--- What the task requires ---
Exactly the lines from the one with "New 2026 Hyundai" through the end of the data below must be set down, and no pictures with them.

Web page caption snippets
· · ·

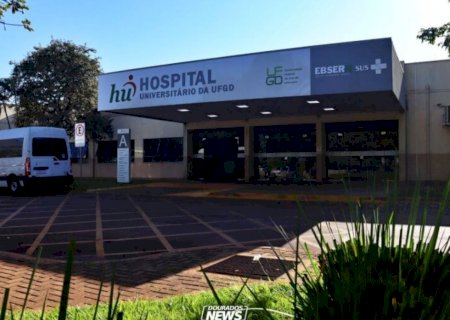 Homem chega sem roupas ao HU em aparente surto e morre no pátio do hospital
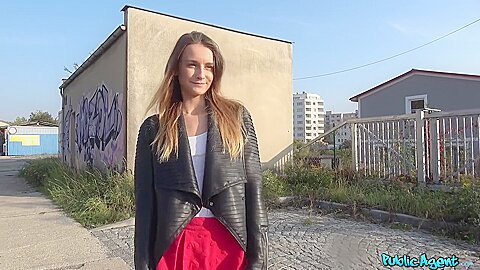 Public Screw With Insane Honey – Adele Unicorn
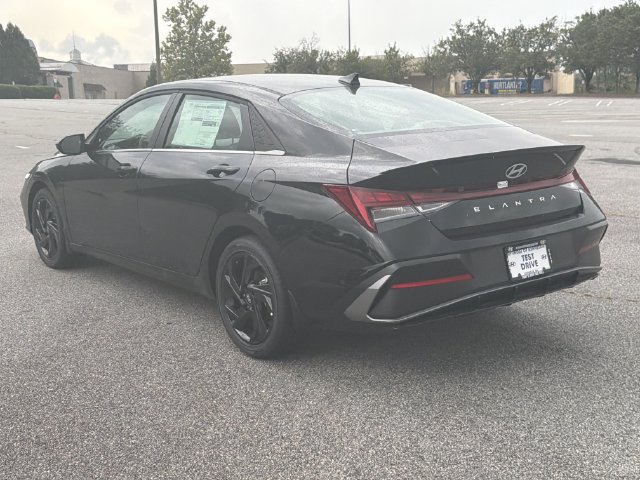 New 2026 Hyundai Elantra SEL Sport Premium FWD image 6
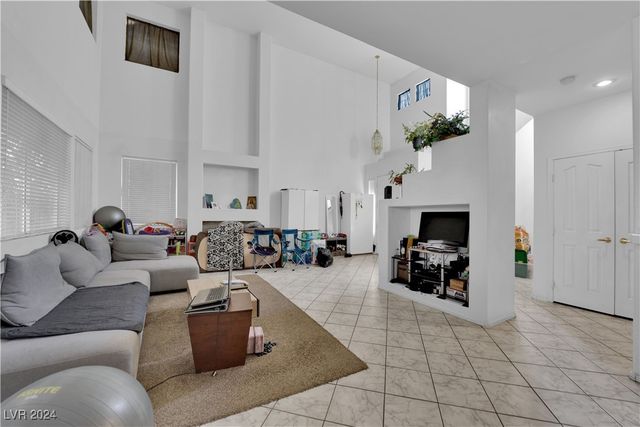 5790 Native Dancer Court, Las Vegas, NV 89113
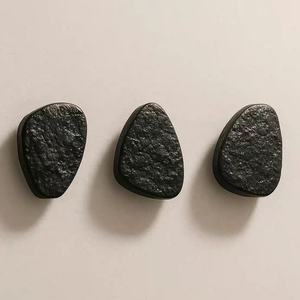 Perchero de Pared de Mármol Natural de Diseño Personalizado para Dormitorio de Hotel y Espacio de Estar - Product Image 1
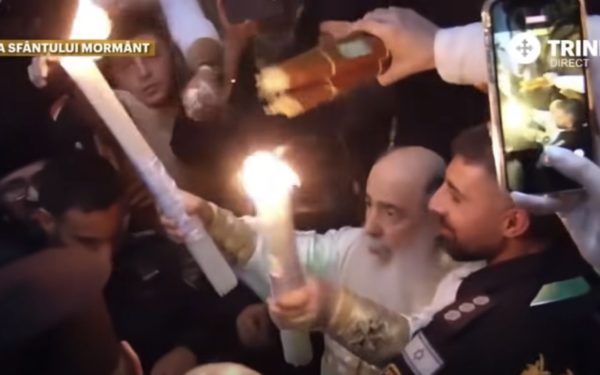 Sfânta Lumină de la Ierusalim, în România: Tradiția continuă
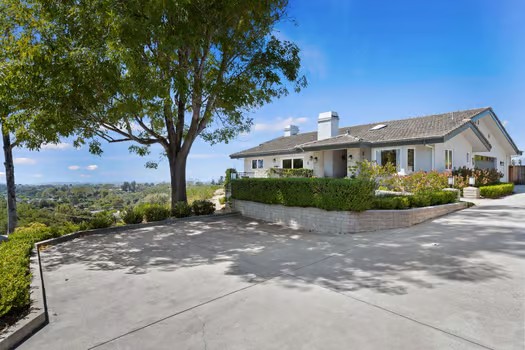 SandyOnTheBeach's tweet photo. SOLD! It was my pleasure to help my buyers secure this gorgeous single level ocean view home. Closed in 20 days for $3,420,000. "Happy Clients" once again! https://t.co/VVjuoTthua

· · ·

--- Answer to this task ---
 New 2026 Hyundai Elantra SEL Sport Premium FWD image 6
 5790 Native Dancer Court, Las Vegas, NV 89113
 Perchero de Pared de Mármol Natural de Diseño Personalizado para Dormitorio de Hotel y Espacio de Estar - Product Image 1
 Sfânta Lumină de la Ierusalim, în România: Tradiția continuă
 SandyOnTheBeach's tweet photo. SOLD! It was my pleasure to help my buyers secure this gorgeous single level ocean view home. Closed in 20 days for $3,420,000. "Happy Clients" once again! https://t.co/VVjuoTthua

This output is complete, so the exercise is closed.